In those seconds while it lasted, all I could feel was an overwhelming freedom from fear and an overwhelming joy. I understood the meaning of the word “joy.” I also understood the gift the Lord was giving me. He was giving me evidence of His reality. I knew in that moment, concretely, beyond a shadow of a doubt, that Jesus Christ existed—that He was the person I’d learned about in Sunday school, the one the Bible taught me about. I had always understood the concept of “faith” as believing blindly and hoping some day, when we died and went to heaven, we’d know for sure. But in the meantime, it was a calculated gamble.

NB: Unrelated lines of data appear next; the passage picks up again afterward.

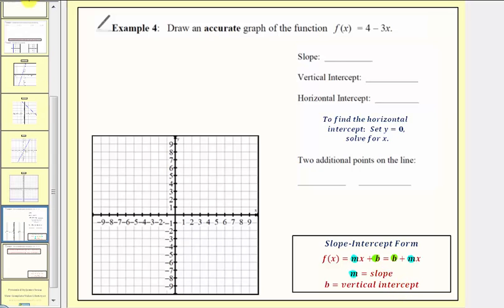Looking at our equation, notice how the coefficient of x is negative three, and therefore the slope is negative three. This means when we graph the function, the line should be going downhill from left to right, because we have a decreasing linear function.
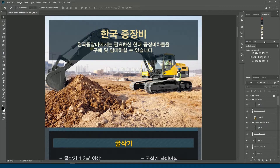Hello everyone, welcome back to my channel. In this video I will show you how to use Adobe Photoshop without installing Adobe Photoshop on your PC. This video will help you do any projects.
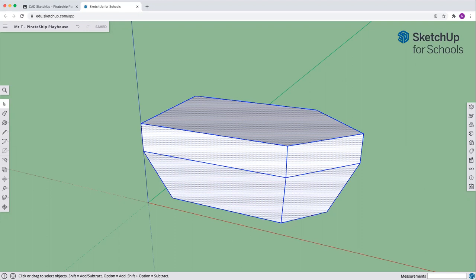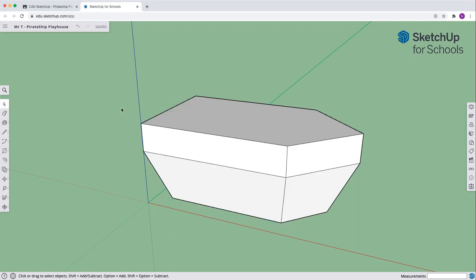So you probably have this looking like this with it selected, you've just saved. Let's use that cursor and just click off somewhere.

Maybe Christianity was the “way” but it could just as well be one of those other major world religions which had the truth.
But now I knew with certainty the Truth. I could only thank God for His free gift. He didn’t have to show me the evidence of His reality, and yet He had. I was completely awed. By the time I turned around from that altar, my life had taken a 180 degree turn.
More than twenty years have passed since that experience, and in every waking moment, I have felt the presence of God. He is my constant companion. The lessons He has taught me have not always been easy to learn, but in each one has been a fullness of joy that nothing else could have given me.